Дело в том, что в продолжение девяностых годов быстро росли и формировались ряды интеллигенции. Интеллигентный труд получил особенно широкое развитие. Интеллигенция поставила на первую очередь вопрос своего собственного труда. У интеллигенции явились свои собственные интересы. Интеллигенция начала сознавать себя обособленной общественной единицей.
Никогда раньше русская литература так много не занималась изображением своего собственного быта, как именно в девяностые года, никогда раньше изображение этого быта не отличалось такой полнотой, никогда литература не охватывала так широко различных слоев интеллигентного общества, начиная с «передовой» интеллигенции и кончая интеллигенцией, всецело погруженной в профессиональные интересы[1].
В то же время сами условия интеллигентного труда, его особенности заставляли интеллигенцию выработать своеобразный взгляд на отношения между нею и теми людьми, от кого она экономически зависела. В основу этих отношений лег психологический момент.

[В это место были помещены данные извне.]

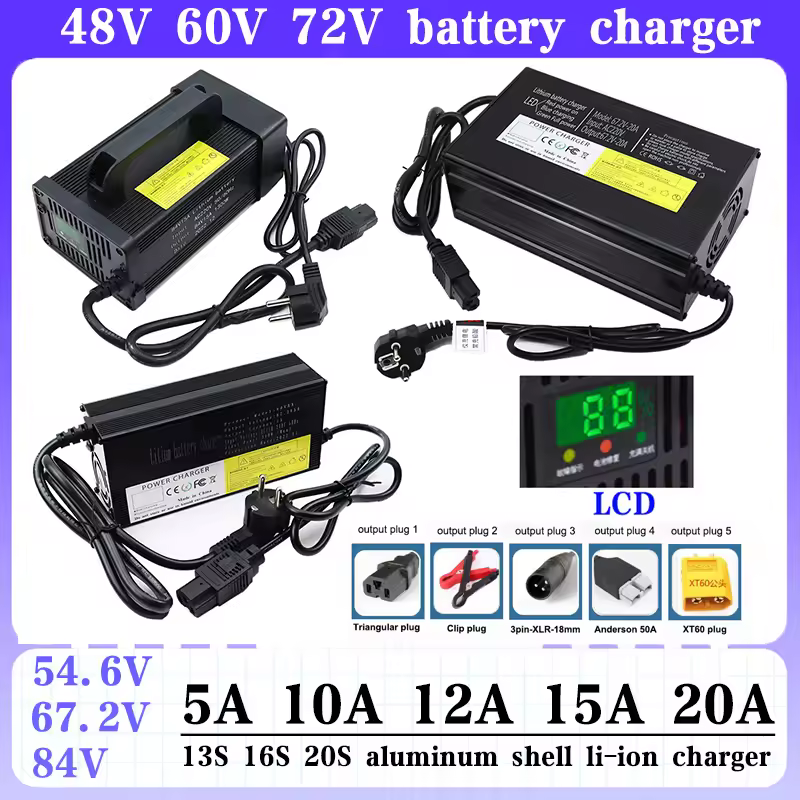 54.6V 67.2V 84V 5A 8A 10A 12A 15A 20A Smart Lithium Battery Fast Charger for 13S 16S 20S Lipo Li-ion Electric Bike Power Tool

Интеллигенты, очутившиеся на службе у «хозяев исторической сцены», прежде всего, заговорили об умалении своей «человеческой сущности», о том, что механический труд убивает в них личность, уменьшает жизнеспособность их душевных сил, обращает их из живых существ в машины, из «целых людей» – в «дроби». Интеллигенты начали страдать не столько от тяжести труда, сколько от его «пустоты»[2]. В «хозяевах исторической сцены» они увидали, прежде всего, людей, посягающих на их душевный мир, прежде всего, носителей грубо-материалистического, торгашеского начала, замораживающего человеческую душу. И с этой точки зрения, вся разношерстная «буржуазная толпа» слилась в их глазах в одну сплошную серую массу, среди которой все – «буржуй» и «буржуа», предприниматель средней руки и крупный капиталист приняли образ «мещанина-филистера». Везде вокруг себя интеллигенты увидели царство грубого филистерства. Гипноз этого филистерства, этого «лавочного материализма» они сочли худшим из всех возможных бедствий. Они почувствовали себя совершенно подавленными отовсюду грозившим филистерством, они почувствовали себя совершенно одинокими людьми, затертыми серой массой, они назвали себя томящимся в неволе «диким конем», который тоскует о свободе и рвется туда, «где блещет степь и луг»[3].